Output each record verbatim, with pictures left out.

STORED DATA:
++++++++++

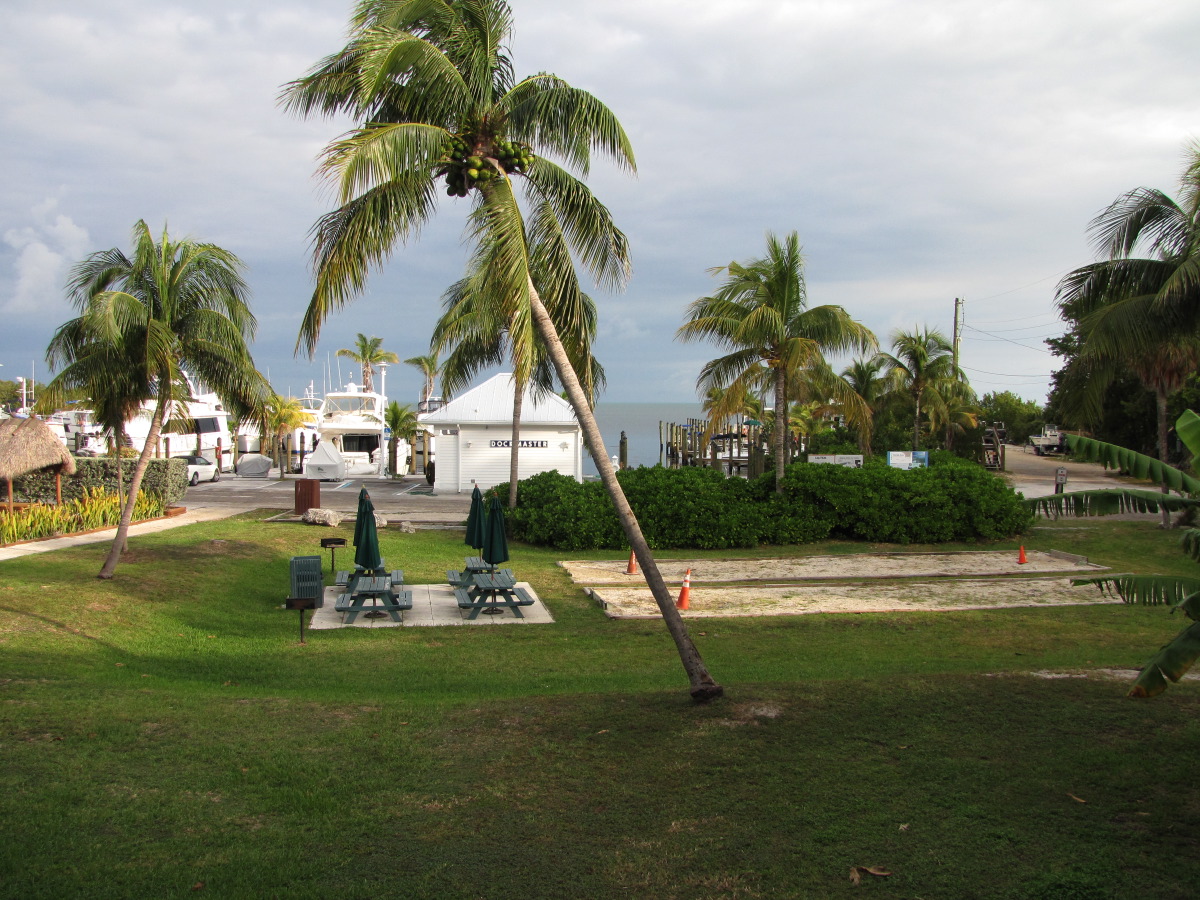 IMG_6186.JPG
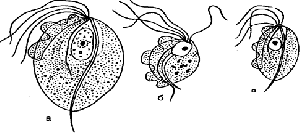 155
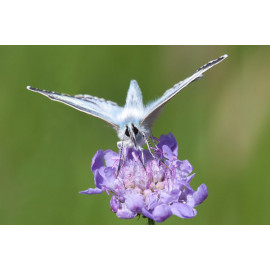 Chalk Hill Blue Warham 3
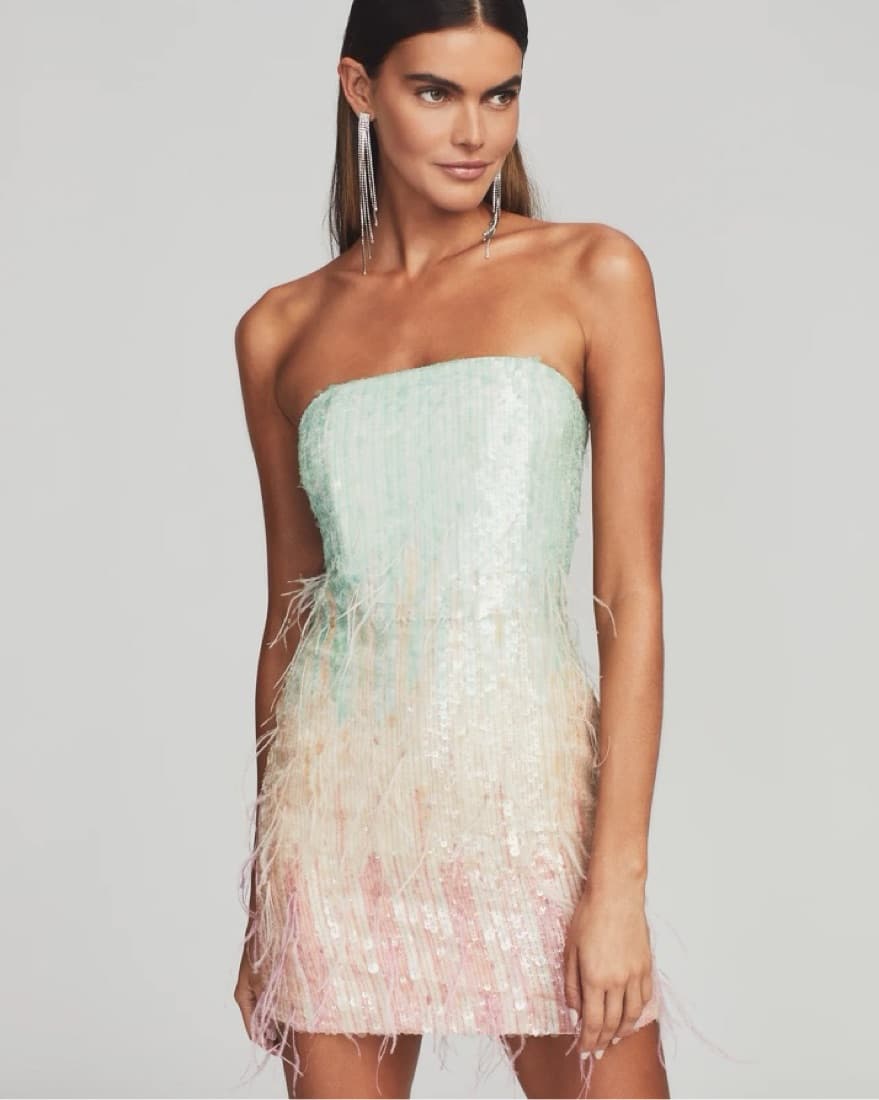 Anastasia Sequin Feather Dress - Image 4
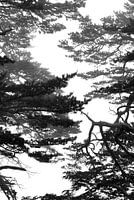 Silhouette der Nadelbäume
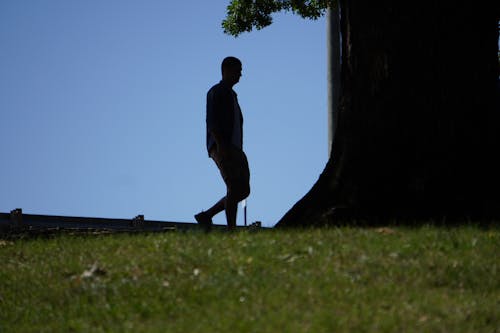 adam, ağaç gövdesi, ayakta içeren Ücretsiz stok fotoğraf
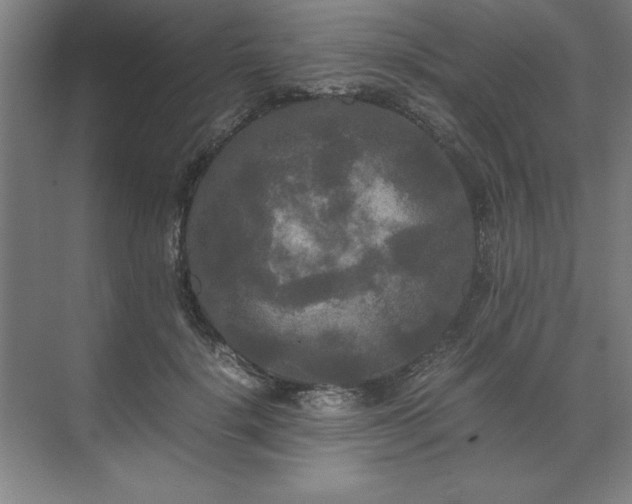 X0000071760652200607071237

++++++++++

ANSWER TO THIS TASK:
 IMG_6186.JPG
 155
 Chalk Hill Blue Warham 3
 Anastasia Sequin Feather Dress - Image 4
 Silhouette der Nadelbäume
 adam, ağaç gövdesi, ayakta içeren Ücretsiz stok fotoğraf
 X0000071760652200607071237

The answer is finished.